Em tempos de crise, sair do ostracismo, assumir as rédeas de nossas carreiras e estra pronto para as frequentes mudanças são habilidades altamente valorizadas no mercado de trabalho

Incrível a velocidade que a vida tomou e vem, literalmente, correndo, quase destruindo tudo a sua volta. Um aparelho de telefone de última geração apenas perdura por poucos dias, que um concorrente ou a mesma fabricante já lança algo novo e melhor.

Quantos de nós vimos o mundo mudar à nossa volta sem nem percebermos. Não tomamos mais café da manhã em casa, almoço em família é artigo de luxo, jantar com os filhos virou quase uma lenda, pois estamos sempre correndo, e muitas vezes, nem sabemos atrás do que ou do que.

Uns correm falando que precisam ganhar a vida sem notar que a estão perdendo há muito. Perde-se tempo para a família, o convívio com os amigos, o lazer, enfim, o que de fato é importante. Assim, a vida passa correndo, nos cansamos e quando nos chegamos ao final dela percebemos que perdemos uma vida inteira.

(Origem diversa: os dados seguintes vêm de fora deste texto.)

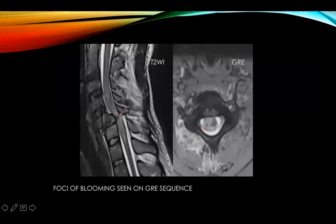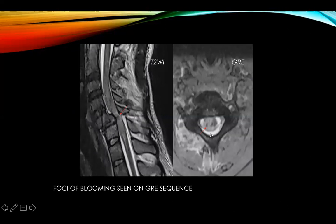This is another case of fracture dislocation of the C5 vertebra with disruption of all three columns of the ligaments. There is hypointensity within the cord surrounded by hyperintensity, suggestive of hemorrhage, which was confirmed on the GRE sequence as foci of blooming, as pointed by the red arrows.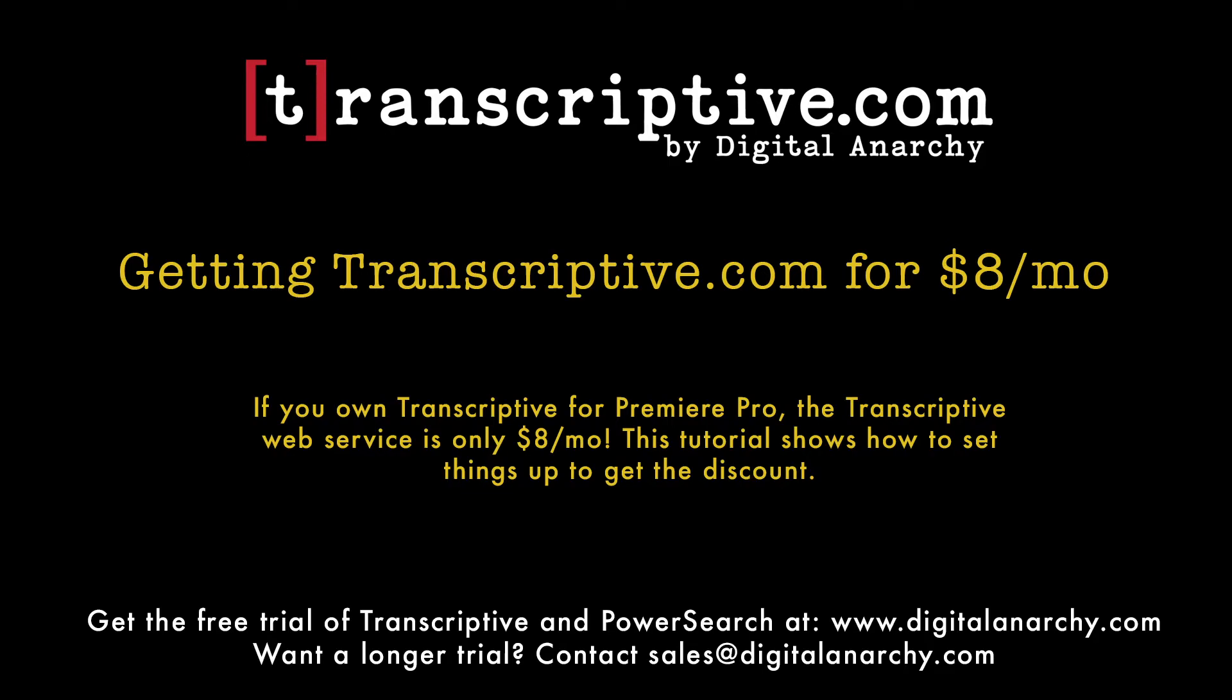Hey, this is Jim with Digital Anarchy. In this tutorial, we're going to do a quick overview of how to get the discount on Transcriptive.com if you already own Transcriptive for Premiere Pro. So let's dive into that.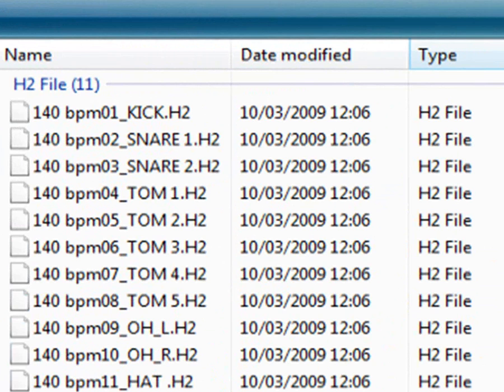The H2 files contain the Audio Waveform Peak Information or Meter data.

Diante de toda essa correria que nos é imposta, o melhor remédio para conseguir manter-se ou se destacar no mercado de trabalho é se adaptar. E o ser humano possui esse “super” poder da adaptação, mas às vezes, de tanto correr, se esquece de usar.

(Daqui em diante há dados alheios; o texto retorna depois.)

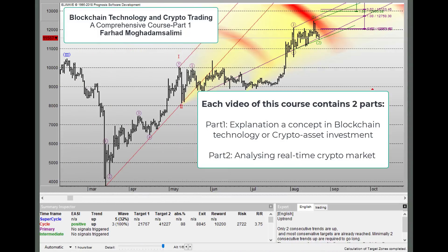Each video of this course will have two parts. In part one, we discuss a concept in blockchain technology or a tool for analyzing crypto assets. In part two, we analyze the real-time conditions of cryptocurrencies, especially Bitcoin, because Bitcoin is the mother of all cryptocurrencies, and try to forecast the behavior of this crypto based on the lessons we have taken before.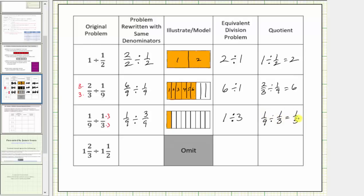Let's verify this quotient using our model. We begin with one ninth and we're asking how many copies of three ninths are in one ninth. So let's also highlight three ninths. Notice how only one third of a copy of three ninths fits in one ninth, which does verify our quotient is one third.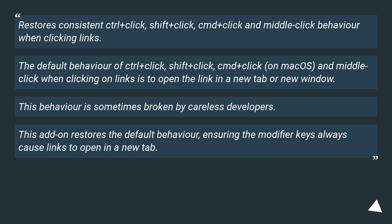This behavior is sometimes broken by careless developers. This add-on restores the default behavior, ensuring the modifier keys always cause links to open in a new tab.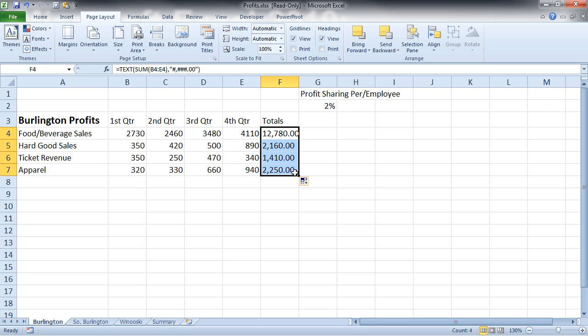get more creative with my custom formatting. And those are three formatting text functions in Microsoft Excel. And there we go. So please, check it out.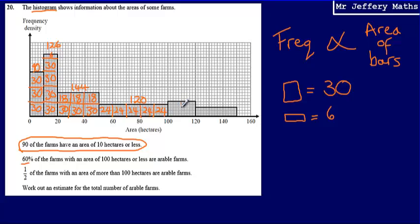For the next bar, these are full boxes worth 30 each, giving a frequency of 60. For the last bar, there are three strips of 6, worth 18 each, giving a total of 54.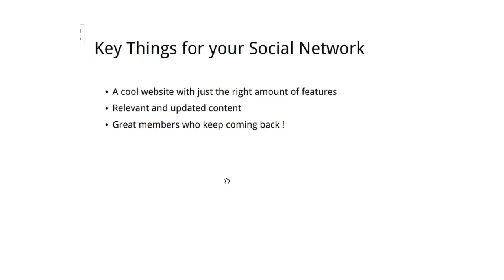So, social networks — I'm sure all of us use Facebook, so we know what a social network is. The key thing to any social network is obviously the network itself, which is your website, that needs to be really cool with a good amount of features. You need to be careful and choosy about picking features, because nobody wants a site that's overtly complicated to use, and you don't want to bore people with features they don't use.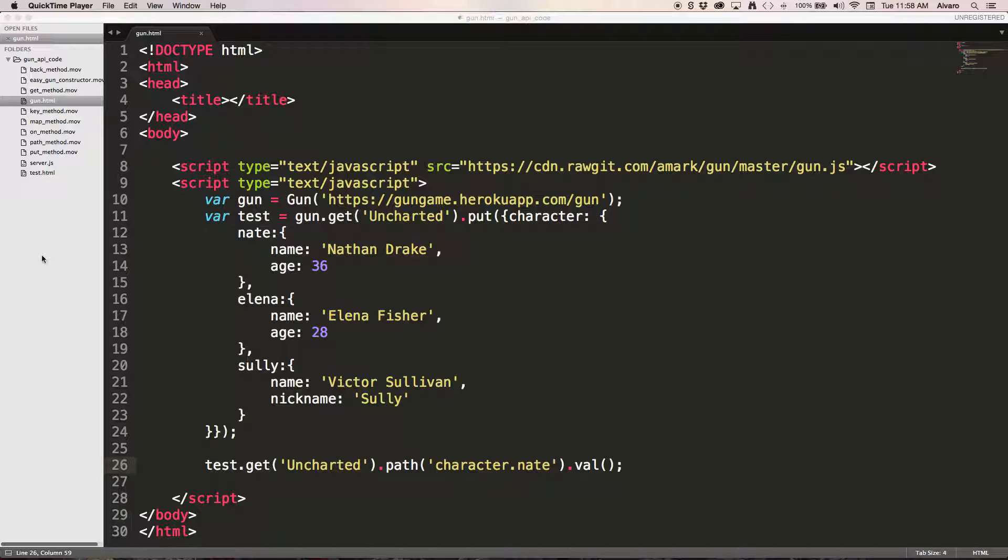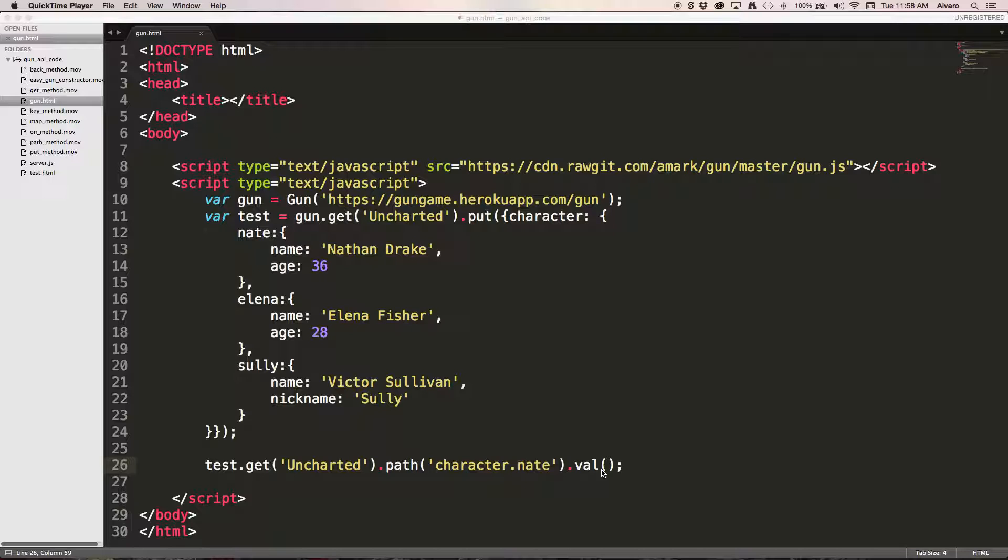Take a look at this last line of code. I want to only get Nate's name property in the character field, but without val I'm not sure what's going to happen, so we have it here and as I said I'm only looking for Nate's name.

Duas são as sentenças de ordem, na atualidade. Produtividade e redução de custos. Assim, o trabalhador ou o empreendedor deve ser criativo e eficiente a ponto de entregar sempre mais com menos. Essa competência vem sendo altamente valorizada no mercado de trabalho.

Adaptação exige mudança, e é nesse ponto que as coisas se complicam para muitos. As pessoas são resistentes a mudanças. Por medo do desconhecido ou medo de perder o que já tem, elas simplesmente, se paralisam diante da necessidade de mudar. O que elas não entendem é que essa paralisia “mata”. Mata nossos sonhos, nossas conquistas, nossas possibilidades de crescimento.

De acordo com a consultora Betânia Tanure, todo processo de adaptação passa por quatro fases: “eu preciso da mudança”, “eu quero fazer a mudança”, “eu sei fazer a mudança” e “eu faço a mudança”. Não necessariamente, essas fases ocorrem sequencialmente, podendo haver a necessidade de algumas acontecerem concomitantemente. E não existe grau de relevância entre essas fases, sendo todas de extrema importância.

Foi-se o tempo em que nossas carreiras dependiam apenas das empresas em que trabalhávamos. Hoje o papel de protagonista é fundamental na carreira de cada um. Quanto mais a pessoa se conhecer, mais saberá da importância de mudar, quanto mais protagonista for, mais coragem terá de assumir a condição de mutante e agir em direção ao novo cenário, assumindo as rédeas de sua carreira e sabendo que apenas as suas ações serão responsáveis pelo seu sucesso, e que a inação te levará ao fracasso.

Saia da sua zona de conforto. Pense fora da caixa e seja um agente da sua mudança!